Illyria has a deservedly unparalleled reputation for the clarity and authenticity of its Shakespearean style.
Illyria performs each play in the open-air with only a handful of props and no scenery - as almost all Shakespeare's plays were originally conceived. We achieve the seemingly impossible by performing the plays UNCUT with five actors, the number we believe Shakespeare’s own company used when touring the provinces for his plays subtly reveal how this is to be achieved. This combination of artistic integrity, uncompromising refusal to patronise our audience with edited Shakespeare scripts, and financial efficiency has set a standard practised, so far as we know, by no other theatre company.
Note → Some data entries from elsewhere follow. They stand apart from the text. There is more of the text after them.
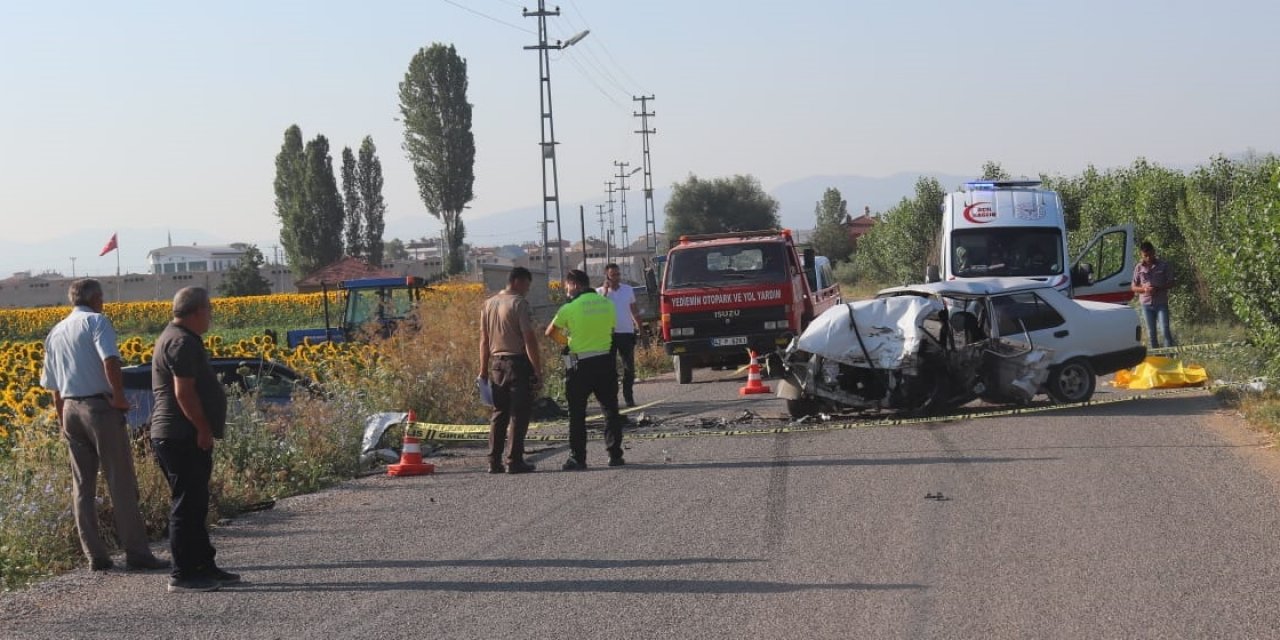 Konya'da feci kaza! iki otomobil çarpıştı: 1 ölü, 2 yaralı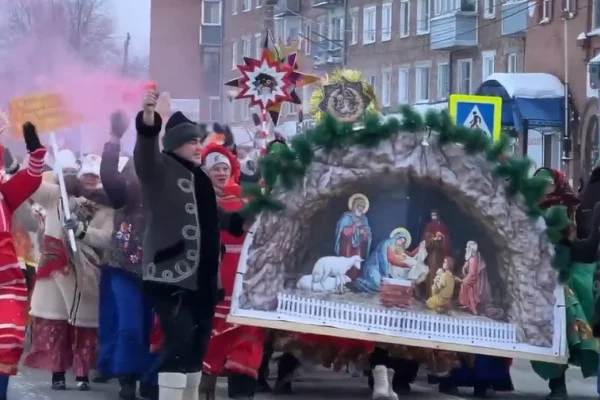 Купцы, колядки и ряженые: большой рождественский парад прошёл в Мариинске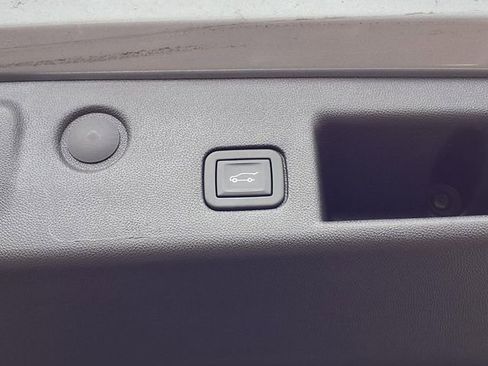 Used 2024 Chevrolet Equinox LT w/ LPO, Floor Liner Package image 21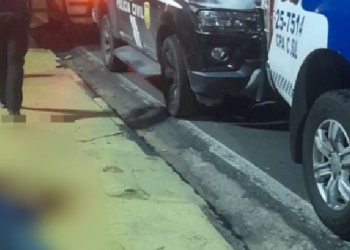 Vídeo: Suposto assaltante dispara tiros contra justiceiro e morre em frente de lanchonete no Parque 10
Illyria's productions are slick, physical and imaginative in execution. They are played with characteristic briskness - Shakespeare was, after all, unequivocal about how long his plays take to perform. Each is inspired by performance techniques of Elizabethan touring troupes such as live music and song, an inclusion of the audience in the proceedings, contemporary references and a robustness of style.
Illyria uses male and female actors because, contrary to popular assumption, there was never a law prohibiting women from the stage. Productions in Court in the sixteenth and seventeenth centuries used female as well as male actors (Anne Boleyn herself performed). And for his public performances Shakespeare used all the talent available to him – so Illyria follows suit. Besides, it is unnecessary to ignore half the available talent just to put men in dresses.
Illyria uses only the power of the human voice to perform the plays – never the artificial amplification beloved by so many of our “authentic” colleagues. Among the UK open-air touring theatre companies only Illyria's artistic director has published articles on Shakespearean verse-speaking.
The design of Illyria’s staging has been taken directly from sixteenth century engravings of touring troupes. In the words of Elizabethan scholar Dr Reaveley Gair:
“Illyria’s five actors are the direct heirs of Shakespeare’s wandering players.”